Lets follow the exact same logic without this change. I’m gdoing to copy paste the prior argument and modify it to what api evolution looks like today.


I’m wondering about compatibility implications along some long-term library API evolution.

foo v1

class Animal(name: String)

At this point the user could use this as either has

val a = new Animal("Tommy")

Two methods of the animal creation are expected to behave the same.

foo v1.1

We realize that we want to provide our own apply to add some validation or business logic.

class Animal(name: String)
object Animal {
  def apply(name: String): Animal = {
    assert(name.nonEmpty && name.head.isUpper)
    val a = new Animal(name)
    DB.append(a)
    a
  }
}

This would create a library that is binary-compatible, source-compatible, yet half the code would change its behavior upon recompilation none of the existing user code picks up the validation without source modification and recompilation .

foo v1.1.1

To prevent the unpredictable behavior *enforce validation, maybe the library would then opt to force everyone to use the apply by making the constructor private.

class Animal private (name: String)
object Animal {
  def apply(name: String): Animal = {
    assert(name.nonEmpty && name.head.isUpper)
    val a = new Animal(name)
    DB.append(a)
    a
  }
}

This is slightly better, but for binary semantic compatibility, the situation hasn’t really changed. Your old downstream libraries/plugins are still not using the right validation. but downstream users must recompile and modify their code to use the apply method.

foo v1.1.2

To prevent this discrepancy, ultimately I’d have to treat that apply(name: String) is now forbidden, and put the validation logic into constructor code?

class Animal(name: String) {
  assert(name.nonEmpty && name.head.isUpper)
  DB.append(this)
}
object Animal {
  // for bincompat with v1.1
  def apply(name: String): Animal = new Animal(name)
}

what could I have done?

I’m not really sure how I could have guarded against this.

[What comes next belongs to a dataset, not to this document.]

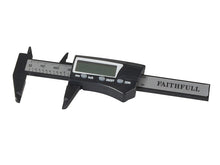 Load image into Gallery viewer, Faithfull Mini Digital Caliper 75mm Capacity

Ship every classes with private constructor and apply as prophylactic measure? Or just not worry too much about this? In general, parameter validation needs to be in the constructor or the constructor hidden anyway (with or without this change), and whatever side-effect DB.apply() is doing is a code smell I’d whack out in any code review I’m involved in.

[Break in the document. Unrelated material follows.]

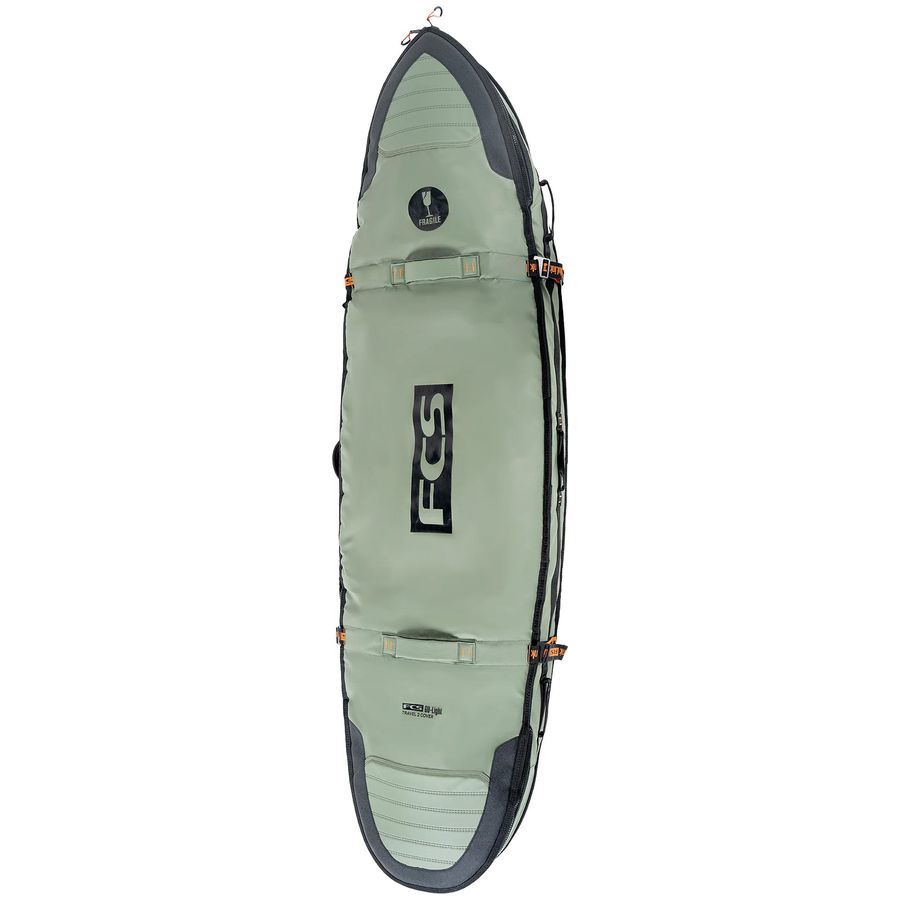 FCS Travel 2 Shortboard/Fish surfboard travel bag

I don’t find this api evolution argument very compelling, as you can see, the situation is only slightly different with or without this change:
If you have only a plain constructor, and add an apply method you have to be aware of what that means for your users. The real difference is that library authors will have to be aware of how this de-sugars. However, this is mostly only a risk when the apply method has side effects (including exceptions from validation), which is an area that is error prone for novices with or without this change.

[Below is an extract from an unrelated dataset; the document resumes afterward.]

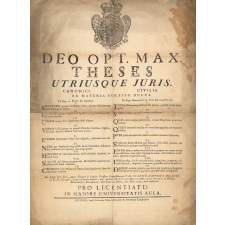 Theses utriusque juris.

Apply methods/constructors are probably ‘naked’ 90% of the time, in which case this change is pure win. Mabye 9% of the time, there is some parameter validation, but this is best done either in the constructor, or in apply methods with private constructors, so that no invalid instances can be created.

Lastly, some novice will inevitably put side-effects in constructors or apply methods without understanding the consequences, but this proposal seems only mildly more dangerous in this case, and honestly its an anti-pattern that for some people needs to be a lesson learned the hard way. Experts might provide sane tools that do have effects upon construction, like Future, but someone who is at the level that they can write Future won’t be caught by surprise here. And those novices that will be caught by surprise shouldn’t be shoving side effects into constructors.

Linters, findbugs-like tools, IDEs or a future effects system can warn or error on these things. And I suspect the ability to warn on leaking uninitialized ‘this’ is very close (there was a lot of work recently to catch unsafe initialization), though not all uninitialized reference leaks are errors, there are valid reasons to do it.

This proposal does make it easier for binary compatible behavior to differ from source compatible behavior. (e.g. dropping in an updated library jar without recompilation produces different behavior than recompiling with that jar). Its not the only Scala feature with this quality, however.

1 Like

Yea. At this point I’m not arguing for / against this language change, but I want to understand the implication for separate compilation situations.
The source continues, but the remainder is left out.